Lyn Innes is Emeritus Professor of Postcolonial Literatures at the University of Kent. Her publications include Chinua Achebe (1990), Woman and Nation in Irish Literature and Society (1993), A History of Black and Asian Writing in Britain (2008) and The Cambridge Introduction to Postcolonial Literatures in English (2007).
Hermione Lee is Professor of English at Oxford University, and a frequent reviewer and broadcaster. The author of acclaimed books on Virginia Woolf, Edith Wharton, Elizabeth Bowen and Willa Cather, she holds Fellowships from the RSL and British Academy, and received a DBE for Services to Literary Scholarship in 2013.
Michael O’Neill is Professor of English at Durham University and a distinguished poet. Recent books include The All-Sustaining Air: Romantic Legacies and Renewals in British, American, and Irish Poetry (2007), Romantic Poetry (co-ed. Charles Mahoney, 2007), Wheel (Arc, 2008), and The Cambridge History of English Poetry (2010).

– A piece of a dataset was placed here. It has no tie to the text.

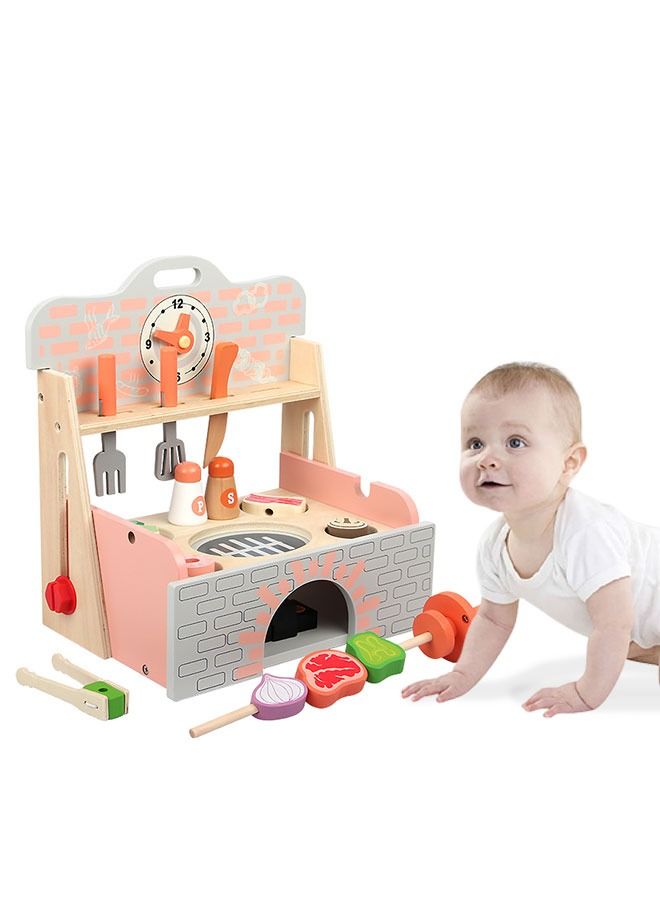 JSAITOYS Barbecue Table Toys Play House Wooden Kitchen Pretend Game For Children - Image 1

Michael Parker is Emeritus Professor of English Literature at the University of Central Lancashire, whose books include Seamus Heaney: The Making of the Poet (1993), Northern Irish Literature 1956-2006 (2007) and Irish Literature Since 1990 (2009). His and Paul Delaney’s co-edited collection, William Trevor: Revaluations, is to be published by Manchester University Press in September 2013.